The narrative of Unreachable starts when Misaki Sagara (-), having just finished her musical script, discovers that Tenma Sugisaki (-), the boy practising the piano behind her in the choir room, has disappeared – seemingly evaporated in thin air. She looks for him in the corridors, yet only encounters a dark-cladded man. Yuka (-), having just entered the room for choir-practice, cannot contact her mother – she does not answer her phone.
Many years later, Misaki (Suzu Hirose), who has been living together with Sakura Azumi (Kaya Kiyohara) and Yuka Kataishi (Hana Sugisaki) in a big old house, has seemingly forgotten all about the strange event. Yet, one day, she is reminded of the past when she, forced by Sakura to follow the handsome guy she’s interested, hears a woman call him Tenma. On the other hand, Yuka, while walking on the university campus, catches a glance of a woman staring at her – she mumbles ‘mother’.

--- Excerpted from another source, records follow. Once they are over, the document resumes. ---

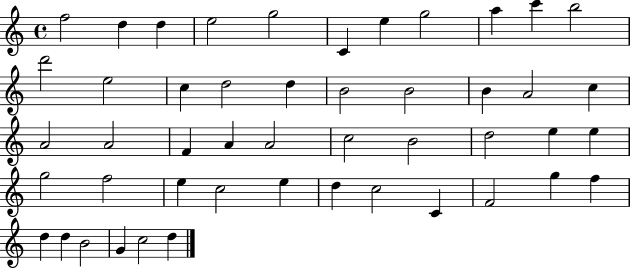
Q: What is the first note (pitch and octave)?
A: F5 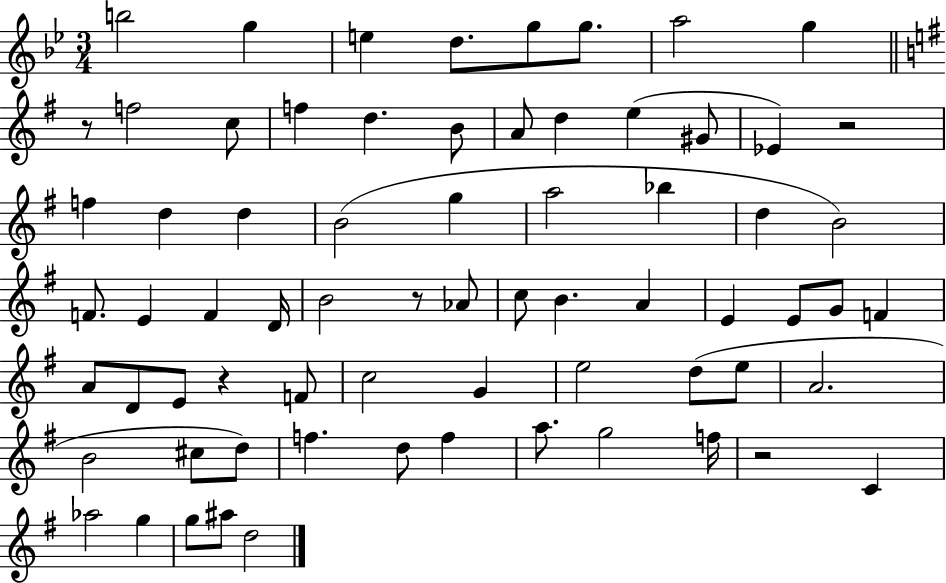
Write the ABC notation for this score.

X:1
T:Untitled
M:3/4
L:1/4
K:Bb
b2 g e d/2 g/2 g/2 a2 g z/2 f2 c/2 f d B/2 A/2 d e ^G/2 _E z2 f d d B2 g a2 _b d B2 F/2 E F D/4 B2 z/2 _A/2 c/2 B A E E/2 G/2 F A/2 D/2 E/2 z F/2 c2 G e2 d/2 e/2 A2 B2 ^c/2 d/2 f d/2 f a/2 g2 f/4 z2 C _a2 g g/2 ^a/2 d2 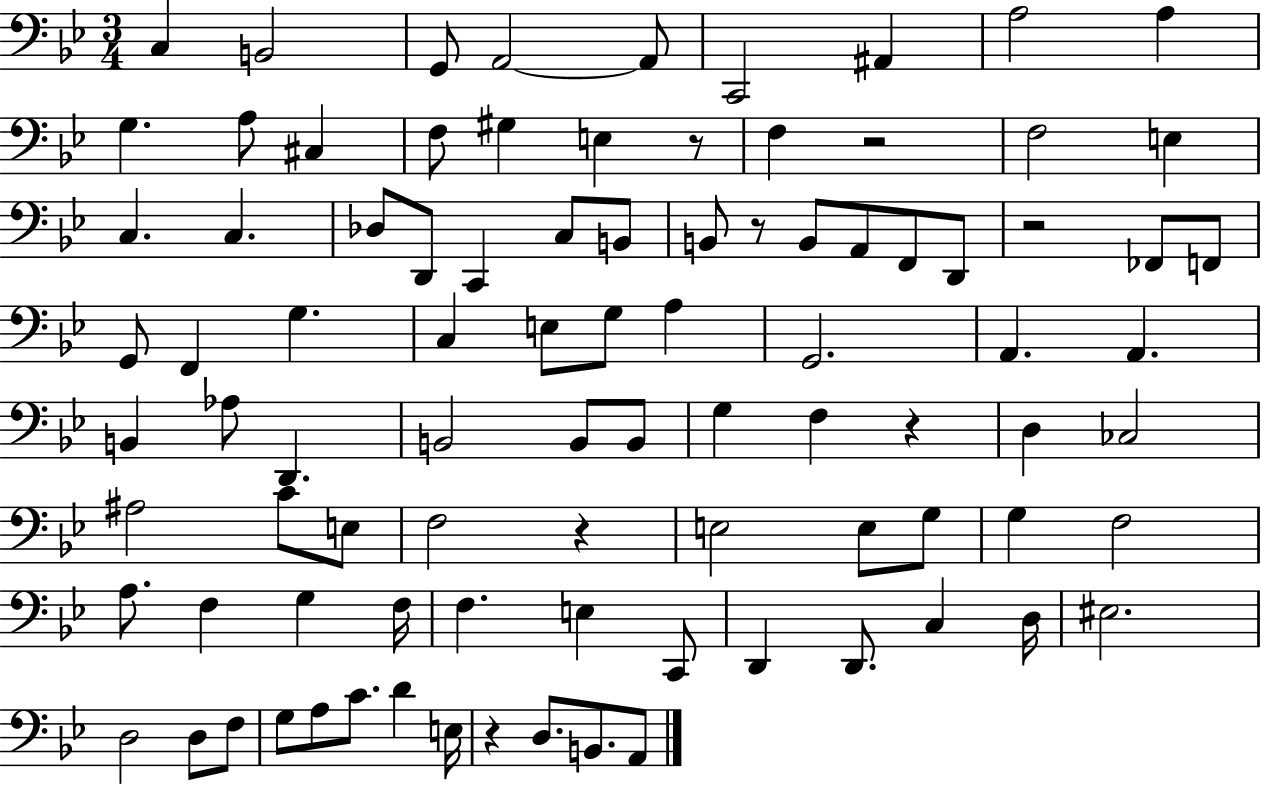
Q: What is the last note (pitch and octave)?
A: A2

Unreachable offers audiences a supernatural drama that explores the subjective effect of being merely a spectator to the relational happenings within the greater societal field, of being present within the societal field as radical absence – no voice, not physical presence, of having to deal with the knowledge that, despite being able to see and hear the breathing societal field, one cannot participate within it. Or to put it differently, Doi delivers a drama of the impossibility of partaking in societal events and the relationships that structure the living subject.
One could even qualify Doi’s Unreachable as a supernatural slice-of-life narrative. Rather than unfolding an intricate plot, the director focuses on presenting the spectator a concatenation of cozy mundane moments – the time our three women spend together – and occurrences that sketch out the emotional impact of being absent in the physical world they do keep wandering in.
Doi also interweaves some flashbacks within the unfolding of the narrative. These flashback-fragments do not merely visualize what happened to Misaki, Yuka, and Sakura in the past, but are try to explain the strength of their bond and the dynamic of their interactions. Doi’s slice of life focuses, in other words, on exploring relational dynamics in a heartwarming and touching manner – a supernatural Umimachi diary (2015), if you will.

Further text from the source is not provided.